After moving to Mongolia I had two weeks of induction and training, and then it just so happened to be a full week of national holidays. The first part I spent at the Naadam festival, and the last few days I spent at Terelj (Терелж) National Park an hour from Ulaanbaatar.
The national park is enormous, and it would take months to explore. My friends Matt and Kate and I picked a modest route, up the main valley from Terelj village, and then climb the ridge line to see how far we could go before turning for home.
The first hurdle leaving the village is a thigh deep river that feels about 5C degrees. We were heartened by seeing a Mongolian family drive their Prius through it, but there was still a bit of suffering for three minutes as we slowly waded across. After that it was just a very long walk up an open valley.
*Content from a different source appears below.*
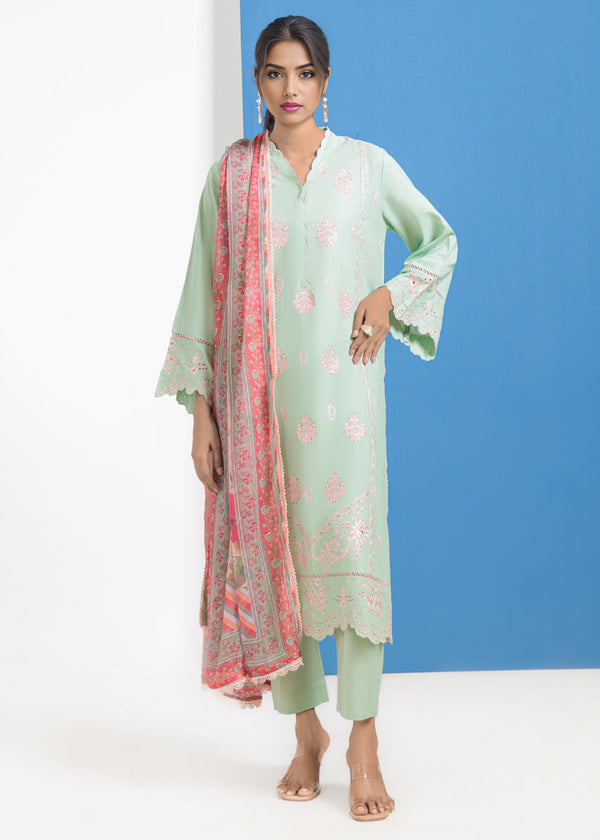 Mt-Green-Cambric-3 Piece (WPS25SE3088)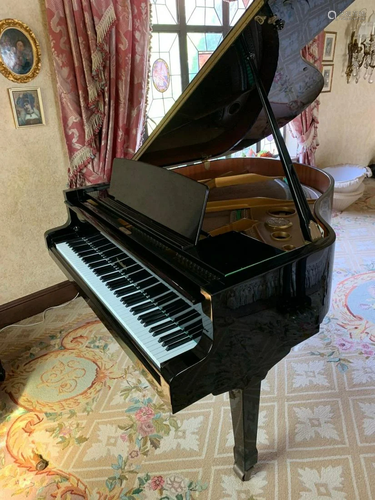 Weinbach Ebonised Grand Piano.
We followed a dirt road, and passed ger camps and cattle the whole way, until we finally turned off for our climb onto the ridges.
The stand-out highlight was when an ambitious Mongolian driver tried to take his Landrover through a river crossing that turned out to be just a little too deep in the middle. He floated slowly away until the truck sank to the bottom of the river and stopped moving. We were on the verge of jumping in to help, but he scrambled out at the last moment and was able to swim the last couple of metres to the bank. On our way back the next day we got to see not one, but two more trucks get drowned in the same crossing! I don’t want to apply our western nanny state approaches to the freedom of Mongolia, but I think that river justified a warning sign if ever one has.
Our progress up the valley was hard going on a 30C day. Coming from New Zealand I am much more used to walking in wild forests than open fields, so it was a little dull to start with. The ridge line gave us a much better chance to get a good view and find a few trees away from the road. The only downside was thousands of flies, both the annoying buzzing kind and the large biting kind. It was easily the worst fly plague I have ever seen, and I’ve spent four years living in Australia!
The hike was great, even if we didn’t stop moving for two days to keep the flies off us, and spent all our resting minutes zipped up in our tents. The scale of the park is so large it needs more than three days to see anything meaningful, but it is great if you just want to hang out. Apparently the flies are only really bad in summer, and in our part of the park. Ironically there were far fewer in the farmed areas.
Oh yeah, the other downside was some damned rats or squirrels or something that nibbled holes in the bottom of my tent. I brought a very limited supply of duct tape with me to Mongolia, and I’ve used most of it patching the holes!